§ What the task requires: Which lines to output? The line containing "Apartamento, 4 quartos, 120 m² - Foto 2" and every line after it in the data below, each copied exactly.
────────────────
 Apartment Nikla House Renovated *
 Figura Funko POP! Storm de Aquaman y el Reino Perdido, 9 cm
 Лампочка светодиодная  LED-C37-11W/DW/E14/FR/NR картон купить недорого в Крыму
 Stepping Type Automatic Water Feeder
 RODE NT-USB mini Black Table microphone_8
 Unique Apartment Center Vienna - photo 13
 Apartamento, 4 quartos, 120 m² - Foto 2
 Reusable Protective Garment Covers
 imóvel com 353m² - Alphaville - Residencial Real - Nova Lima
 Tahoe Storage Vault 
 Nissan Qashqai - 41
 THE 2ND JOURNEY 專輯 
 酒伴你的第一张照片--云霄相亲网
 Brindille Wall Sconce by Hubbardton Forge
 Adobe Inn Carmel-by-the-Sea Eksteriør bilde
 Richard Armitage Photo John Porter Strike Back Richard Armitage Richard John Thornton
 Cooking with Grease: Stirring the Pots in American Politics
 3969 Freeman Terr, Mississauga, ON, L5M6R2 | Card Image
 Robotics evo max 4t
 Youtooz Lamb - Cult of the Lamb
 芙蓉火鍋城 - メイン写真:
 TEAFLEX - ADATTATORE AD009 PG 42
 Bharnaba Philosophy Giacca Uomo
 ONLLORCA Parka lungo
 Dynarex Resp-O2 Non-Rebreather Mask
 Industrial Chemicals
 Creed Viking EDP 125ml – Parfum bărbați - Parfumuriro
────────────────
§ Answer space:
 Apartamento, 4 quartos, 120 m² - Foto 2
 Reusable Protective Garment Covers
 imóvel com 353m² - Alphaville - Residencial Real - Nova Lima
 Tahoe Storage Vault 
 Nissan Qashqai - 41
 THE 2ND JOURNEY 專輯 
 酒伴你的第一张照片--云霄相亲网
 Brindille Wall Sconce by Hubbardton Forge
 Adobe Inn Carmel-by-the-Sea Eksteriør bilde
 Richard Armitage Photo John Porter Strike Back Richard Armitage Richard John Thornton
 Cooking with Grease: Stirring the Pots in American Politics
 3969 Freeman Terr, Mississauga, ON, L5M6R2 | Card Image
 Robotics evo max 4t
 Youtooz Lamb - Cult of the Lamb
 芙蓉火鍋城 - メイン写真:
 TEAFLEX - ADATTATORE AD009 PG 42
 Bharnaba Philosophy Giacca Uomo
 ONLLORCA Parka lungo
 Dynarex Resp-O2 Non-Rebreather Mask
 Industrial Chemicals
 Creed Viking EDP 125ml – Parfum bărbați - Parfumuriro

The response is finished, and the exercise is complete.